Technology Advances Power Integrated Control

Imagine designing a packaging line or material handling system with the control all in one package rather than separate logic control, motion control, vision systems, and bar code over RS-232. Real-world data are sent directly from the control program to a SQL database for analysis, selective sharing with customers or suppliers, and production and quality reporting.

By Gary A. Mintchell, Control Engineering July 1, 2001

Imagine designing a packaging line or material handling system with the control all in one package rather than separate logic control, motion control, vision systems, and bar code over RS-232. Real-world data are sent directly from the control program to a SQL database for analysis, selective sharing with customers or suppliers, and production and quality reporting. This is not technology from the Starship Enterprise. This integration is not only now possible, but it actually works.

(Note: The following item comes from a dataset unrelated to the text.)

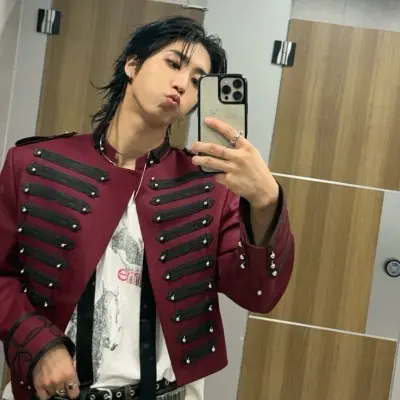 Han jisung: Seni karakter AI roleplay kreatif untuk obrolan pedas dan skenario fantasi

PLCs were designed as fast, robust controllers of discrete logic. It has only been in the last ten years that hardware and software have come together to allow good integration of analog and PID loops. Even recently, data handling was kludgy. Motion integration with a PLC has been difficult requiring an integrator with high levels of knowledge and experience to accomplish a successful installation.

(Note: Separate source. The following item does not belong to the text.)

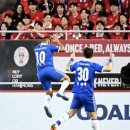 염기훈축구클럽 | [축구] 박지성을 수원에서 실제로 본다고? 3만 8천 명이 몰린 레전드 매치, 티켓값이 왜 그랬는지 팩트...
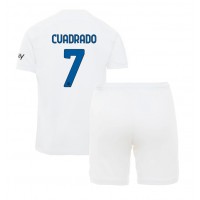 Fotballdrakt Barn Inter Milan Juan Cuadrado #7 Bortedraktsett 2023-24 Kortermet (+ Korte bukser)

For example, Siemens Energy & Automation (Alpharetta, Ga.) has announced a small PLC with multi-axis motion control module. The module tightly integrates with the PLC yet handles integrated motion of up to four axes. Applications from single positioning to multi-axis interpolation are enabled. A parameterization ‘wizard’ guides users through setup and start-up.

This has all changed over the last couple of years. Even though PC-based control has not overthrown PLCs as controller of choice, technologies from the PC world are enabling a revolution in how control systems are designed and implemented. Programming editors have become powerful, emulating interfaces like Microsoft’s Visual Studio. While more control engineers are able to use C and C++, even the venerable ladder diagram is growing in power. Easy to use function blocks within ladder have added PID, data handling, motion profiles, advanced math, and more.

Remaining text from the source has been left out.